A man wakes up in a strange world with no recollection of who he is. All he has on his person is a toy paratrooper, a photograph of himself with a woman and some pictures scrawled in blood on a scrap of paper. He must piece together what has happened to find out who he is and why the world appears to be broken. Thus opens Faller, Will McIntosh‘s new thriller (Tor, review copy from NetGalley).
At its heart, Faller is a novel about arrogance, ambition and hubris. Peter is a talented, Nobel-winning scientist, but he’s also reckless. He’s invented a machine to duplicate living matter, to help heal the sick. The Government want to use it to help heal soldiers fighting a global conflict. But in a misguided attempt to help his terminally ill sister-in-law, Peter creates a rift with her husband, Ugo, his best friend and a talented bioscientist. Ugo becomes hell bent on revenge. Between them, Peter and Ugo break the world into fragments occupied by people with no memories.

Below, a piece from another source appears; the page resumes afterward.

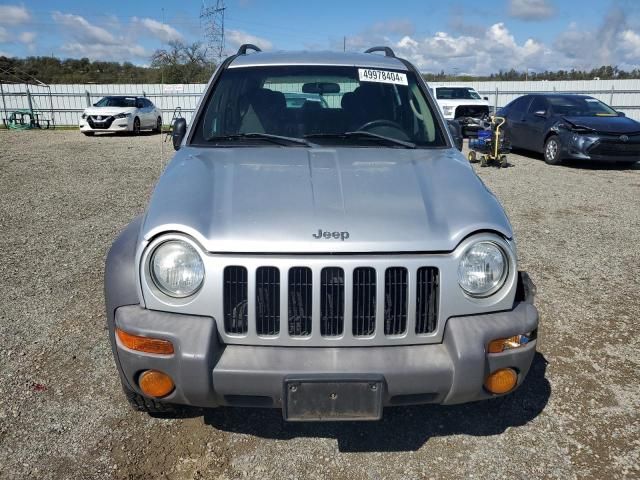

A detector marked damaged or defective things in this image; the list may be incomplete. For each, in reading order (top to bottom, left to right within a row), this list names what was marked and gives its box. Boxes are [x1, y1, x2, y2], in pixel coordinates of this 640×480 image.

Faller is a fun, well-paced thriller that rattles along with a lovely mix of action and plot revelation to carry you through to the end. But it does little more than entertain and I struggled to connect with the two big egos at the heart of it. Neither was terribly sympathetic, and the women in the book were largely relegated to supporting roles. In the case of the many duplicates, they were literally interchangeable.